Hakim ve savcılar için kura töreninde konuşan Tayyip Erdoğan “Bu millet ne bu F- 16’lara, ne bu helikopterlere, ne bu tanklara, toplara hiçbir şeye daha önce apoletler göründüğü zaman selam duranlar gibi selam durmadı.” dedi. Erdoğan’ın bu sözleri üzerine arşivleri karıştırdık. Mustafa Hoş’un yazdığı “Bigboss” kitabından iki tane bölüm var. Biri ABD savunma Bakanı Paul Wolfowitz’e yazdığı mektup diğeri ise Kenan Evren’den icazet istemesi.
Erdoğan AKP iktidara geldiği zaman ABD savunma Bakanı Paul Wolfowitz’e mektup yazıyor. Ve mektupta Genelkurmay Başkanı Hilmi Özkök ile görüşmek için aracılık etmesini istiyor.
İşte Bigboss’taki o bölüm
“Genel Kurmay Başkanı İle Beni Görüştürün”

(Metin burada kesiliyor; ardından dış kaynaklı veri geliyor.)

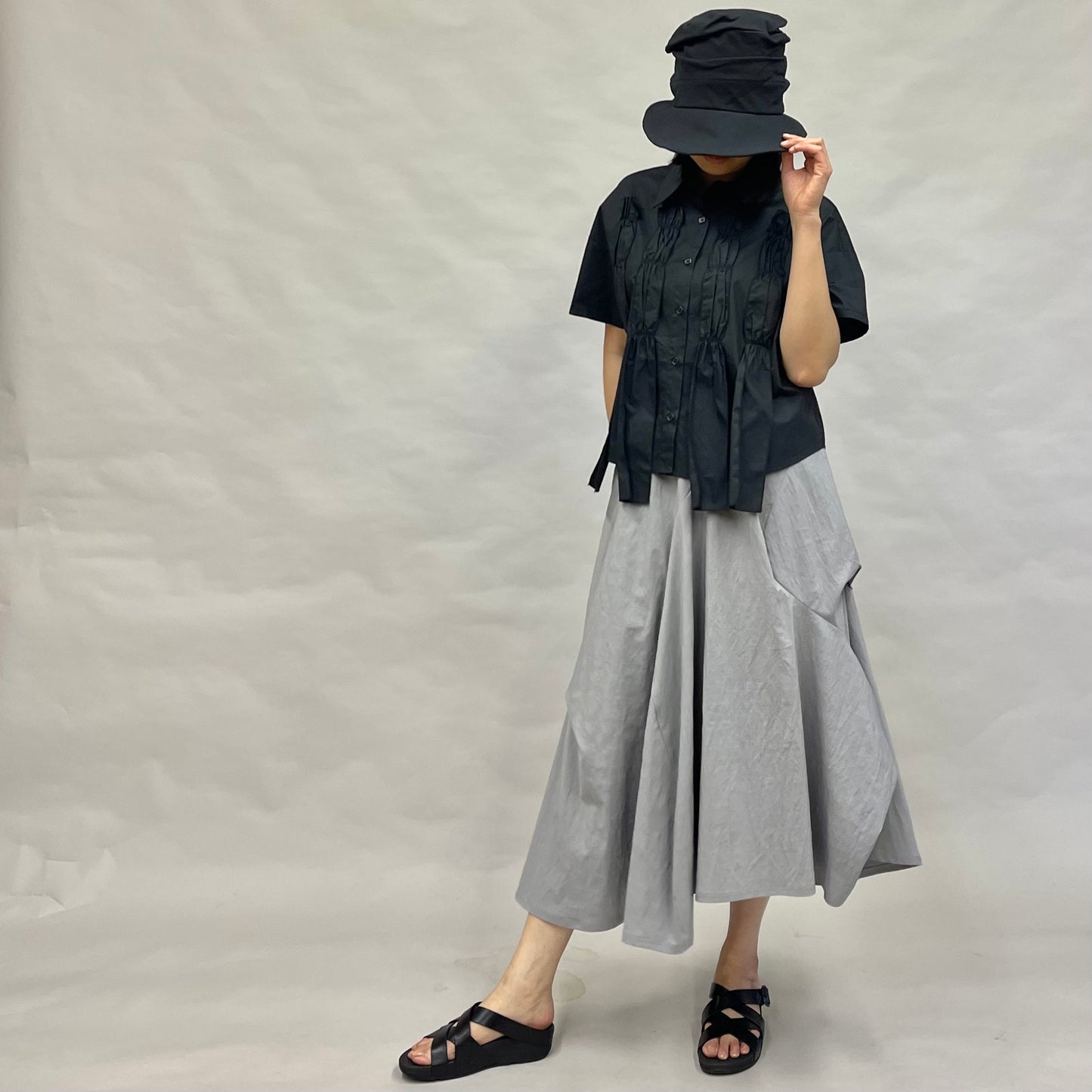 アシンメトリー キリカエ フレアスカート【グレー】ヨシヨシバイピージェイ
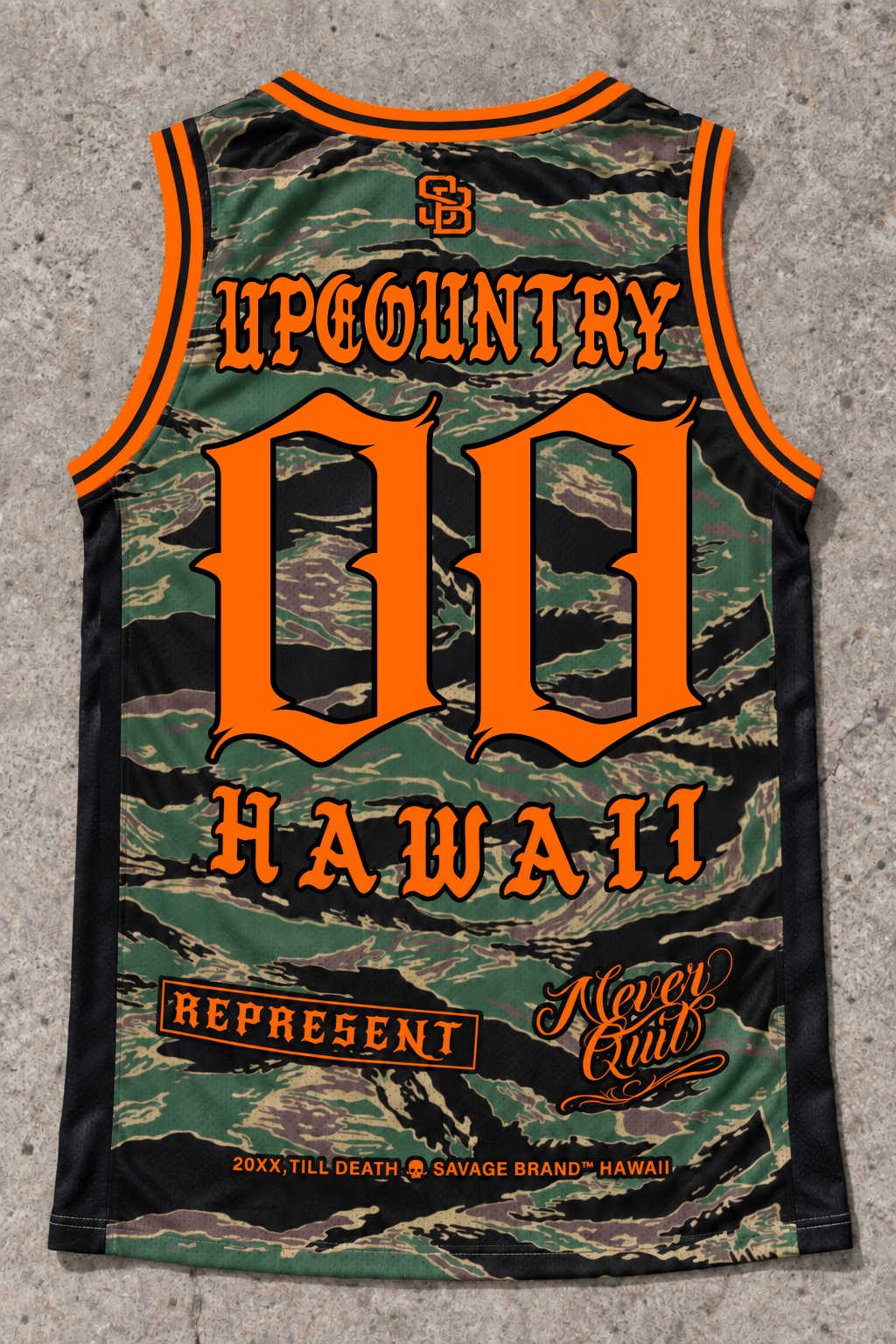 Upcountry 00 Jersey Tank — Camo Orange — Back flat lay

“Mektup yazan Recep Tayyip Erdoğan, muhatabı ABD Savunma Bakan Yardımcısı Paul Wolfowitz, mektubun yazılış tarihi 3 Kasım 2002. Tayyip Erdoğan, henüz başbakan değil, yasaklı olduğu için seçime girememiş, partinin başkanı ama, Başbakan şimdiki Cumhurbaşkanı Gül… Türkiye’den Amerika’ya giden mektupta şöyle deniliyor: “Değerli Wolfowitz, Ülkelerimiz arasındaki ortaklık ve dostluğun gelecekte de sürmesi için mesajımı ortak dostlar aracılığı ile doğrudan size ulaştırıyorum. Seçim sonuçlarının bizim Genelkurmay saflarında biraz rahatsızlık yaratmış olabileceğinden, resmi konumunuz gereği hiç kuşkusuz haberdarsınızdır. Bilmenizi isterim ki, onların Türkiye’nin müreffeh ve dünya topluluğunun güvenilir bir üyesi olması ümitlerini parti ve ben de paylaşıyoruz. Ve geçmişte hiç olmadığı kadar birleşmiş olan ülkelerimizin çıkarları için en iyisi olacak şekilde birlikte çalışacağımız düşüncesindeyim. Bu amaçla Orgeneral Özkök ile mümkün olduğu kadar kısa sürede özel bir toplantı yapabilmeyi ümit ediyoruz. Özel cep numaramız şudur: 0532 7…… Sizinle kişisel olarak görüşmeyi sabırsızlıkla bekliyorum. En iyi dileklerimle. R. T. Erdoğan Genel Başkan”
AKP’nin ilk yıllarında Erdoğan’ın kaygısı “asker ne der” idi. Bu yüzden Kenan Evren’e de aracı gönderdi. Aracılık yapan Diyanet İşleri Eski Başkanı Tayyar Altıkulaç’tı. O zaman neler yaşandı yine “Bigboss” kitabından görelim;
“Hürmetlerimi Götür”
“Erdoğan’ın en büyük tedirginliği asker ne der idi? Askerle bir şekilde temas kurulması lazımdı. Ve o teması kuracak isim de bulundu. O isim Kenan Evren’in Diyanet İşleri Başkanı yaptığı Tayyar Altıkulaç’tı. Tayyar Altıkulaç’a aynı zamanda da AKP’de siyaset yapmak teklif edildi. Altıkulaç Erdoğan’ın dinledikten sonra doğruca Marmaris’in yolunu tuttu. Kenan Evren ile Tayyar Altıkulaç’ın ne konuştuklarını “Esaretten Zirveye. R.Tayyip Erdoğan” kitabından okuyalım.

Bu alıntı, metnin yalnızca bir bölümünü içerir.